In the absence of proprietary claims to alabaster hosiery, what would we name the team now? The South Side once featured steel mills and meat-packing plants, but if we choose the name Steelers or Packers, football fans in a pair of American cities might brandish Terrible Towels or Cheesehead Hats in the commission of a vigorous protest.
More broadly, Chicago sits on Lake Michigan, so, at the risk of headlines featuring the words “wreck” or “sink,” we could honor Great Lakes industry with the name Freighters. Or we could salute Chicago’s Union Stock Yards and the NBA Bulls by naming the team the Steers. That said, we need to remain vigilant in pun prevention. Headlines like this–Management Steers Team in Wrong Direction–would be just one wrong turn.
My pick: Freighters
Cleveland teams were known as the Forest Citys and the Spiders in the late 19th century. In 1899, team owners transferred the best Spiders players to a second team they owned, the St. Louis Perfectos, while changing many of the Spiders’ home games to road games. The result: a record of 20-134 and a pair of unofficial nicknames, the Wanderers and the Exiles.
At season’s end, the American Association put the Spiders out of their misery by contracting the franchise. A year later, a new Cleveland team formed and called itself the Naps in honor of star Nap Lajoie. In 1915, after trading Lajoie, the owner asked newspapers to coin a new name. Some sources claim they chose Indians to honor former player Louis Sockalexis, a Penobscot. Others say they emulated the champion Braves.
WWWNTTT: Though many consider the team’s Chief Wahoo logo a racist caricature, most endorse the name Indians. But what if we could avoid the controversy? Forget old history. In the 1950s, local disc jockey Alan Freed helped popularize a fledgling form of music and called it rock ‘n roll. As a name, Cleveland Rocks is taken.
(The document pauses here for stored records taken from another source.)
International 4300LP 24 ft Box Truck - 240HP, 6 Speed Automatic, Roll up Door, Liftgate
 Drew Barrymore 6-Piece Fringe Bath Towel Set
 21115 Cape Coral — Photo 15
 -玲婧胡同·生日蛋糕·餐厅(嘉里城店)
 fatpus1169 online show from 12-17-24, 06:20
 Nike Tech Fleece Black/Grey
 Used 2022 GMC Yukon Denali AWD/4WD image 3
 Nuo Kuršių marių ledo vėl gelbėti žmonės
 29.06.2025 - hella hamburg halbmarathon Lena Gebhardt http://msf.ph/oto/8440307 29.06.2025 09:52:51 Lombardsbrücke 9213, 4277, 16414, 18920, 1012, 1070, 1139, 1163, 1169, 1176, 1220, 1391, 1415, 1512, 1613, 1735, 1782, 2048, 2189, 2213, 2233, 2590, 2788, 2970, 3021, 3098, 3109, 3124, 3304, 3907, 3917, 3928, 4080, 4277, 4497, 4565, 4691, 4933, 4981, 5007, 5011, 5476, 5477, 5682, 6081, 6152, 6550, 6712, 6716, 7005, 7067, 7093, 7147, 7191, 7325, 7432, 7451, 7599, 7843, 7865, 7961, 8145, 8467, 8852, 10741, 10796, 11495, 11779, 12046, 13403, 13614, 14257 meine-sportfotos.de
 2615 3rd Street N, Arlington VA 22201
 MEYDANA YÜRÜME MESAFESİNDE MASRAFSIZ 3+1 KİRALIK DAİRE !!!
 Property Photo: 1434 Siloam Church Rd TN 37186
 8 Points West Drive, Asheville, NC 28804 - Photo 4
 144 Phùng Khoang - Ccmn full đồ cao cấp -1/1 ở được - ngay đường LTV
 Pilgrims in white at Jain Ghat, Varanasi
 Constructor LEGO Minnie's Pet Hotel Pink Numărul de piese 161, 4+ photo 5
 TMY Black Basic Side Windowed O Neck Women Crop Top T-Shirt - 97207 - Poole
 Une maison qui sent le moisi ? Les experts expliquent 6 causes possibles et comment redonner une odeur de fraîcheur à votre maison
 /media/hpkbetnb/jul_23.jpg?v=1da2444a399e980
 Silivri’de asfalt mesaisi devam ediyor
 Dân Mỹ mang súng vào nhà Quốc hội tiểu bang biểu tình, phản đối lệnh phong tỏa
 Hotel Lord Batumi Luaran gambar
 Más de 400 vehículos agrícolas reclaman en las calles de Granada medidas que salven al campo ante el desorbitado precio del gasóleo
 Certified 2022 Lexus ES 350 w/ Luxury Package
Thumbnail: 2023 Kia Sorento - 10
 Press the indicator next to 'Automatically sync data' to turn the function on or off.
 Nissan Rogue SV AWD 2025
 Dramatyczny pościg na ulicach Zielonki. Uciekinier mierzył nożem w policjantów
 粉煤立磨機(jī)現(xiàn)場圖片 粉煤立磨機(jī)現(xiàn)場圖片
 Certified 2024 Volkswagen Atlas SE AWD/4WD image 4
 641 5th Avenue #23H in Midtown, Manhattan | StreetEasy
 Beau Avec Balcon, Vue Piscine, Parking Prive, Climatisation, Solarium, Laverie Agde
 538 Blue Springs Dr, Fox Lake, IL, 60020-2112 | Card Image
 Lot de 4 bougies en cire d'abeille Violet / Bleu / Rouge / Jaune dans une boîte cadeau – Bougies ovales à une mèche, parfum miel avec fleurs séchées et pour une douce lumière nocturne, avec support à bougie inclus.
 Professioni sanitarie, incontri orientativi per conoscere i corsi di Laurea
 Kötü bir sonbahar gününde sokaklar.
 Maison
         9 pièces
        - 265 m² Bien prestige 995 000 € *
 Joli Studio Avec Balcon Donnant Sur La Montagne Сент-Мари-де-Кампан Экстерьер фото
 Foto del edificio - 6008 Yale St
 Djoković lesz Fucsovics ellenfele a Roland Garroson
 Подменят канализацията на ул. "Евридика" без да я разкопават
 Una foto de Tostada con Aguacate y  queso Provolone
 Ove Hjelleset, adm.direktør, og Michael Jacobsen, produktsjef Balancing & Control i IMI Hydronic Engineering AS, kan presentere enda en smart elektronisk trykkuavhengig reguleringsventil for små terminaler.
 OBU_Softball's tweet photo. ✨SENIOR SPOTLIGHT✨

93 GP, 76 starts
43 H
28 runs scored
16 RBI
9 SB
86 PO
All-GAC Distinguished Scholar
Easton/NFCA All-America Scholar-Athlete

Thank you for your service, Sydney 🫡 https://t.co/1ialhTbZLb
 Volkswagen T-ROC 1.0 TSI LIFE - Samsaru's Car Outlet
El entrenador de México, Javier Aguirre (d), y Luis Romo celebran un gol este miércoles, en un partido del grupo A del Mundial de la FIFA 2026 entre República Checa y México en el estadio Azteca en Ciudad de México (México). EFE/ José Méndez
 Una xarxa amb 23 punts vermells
We can’t give a baseball team the same name as the theme song of a syndicated TV show. Cleveland Rolls? I don’t know, man. There’s probably a bakery with that name. So, how about this? Cleveland Beats.
My pick: Beats
Organized in 1830, a military unit called the Detroit Light Guard fought in major battles of the Civil War–including those at Antietam and Gettysburg–and the Spanish-American War. Over time, the unit’s nickname became the Tigers. At the turn of the century, the Detroit team received permission from the Light Guard to use the name Tigers.
WWWNTTT: Calling a Detroit team the Tigers is like calling my high school team the Cougars. And that really is my high school team. I’m not a zoologist, but I’m confident no cougar has been sighted within 100 miles of those hallowed halls. So, what would we call the Detroit team now? The auto industry is a major player, but the NBA team has claimed the name Pistons. How about the Motors? Please don’t call them the Mufflers. That seems rude.
We’ve read the history books. We could call them the Trappers or Beavers. Recent history brings us back to Big Auto. But while the Teamsters has a nice ring, we’ll skip it. More harmonious history delivers us to Motown and its sound yet also brings to mind WNBA-ish names like the Rhythm and, alas, the Sound. How about the Supremes? The Pips? Eh, we might run into copyright issues. Recall, however, that Motown’s historic headquarters is Hitsville U.S.A. Yep, we’d have the Hits of Hitsville.
My pick: Hits
Kansas City Royals
America isn’t a monarchy. It’s a constitutional republic, meaning power is shared between the Feds and the states. Accordingly, kings and queens can’t just waltz into mid-sized states and assume the sovereign throne. So, what gives? Why are the Royals the Royals?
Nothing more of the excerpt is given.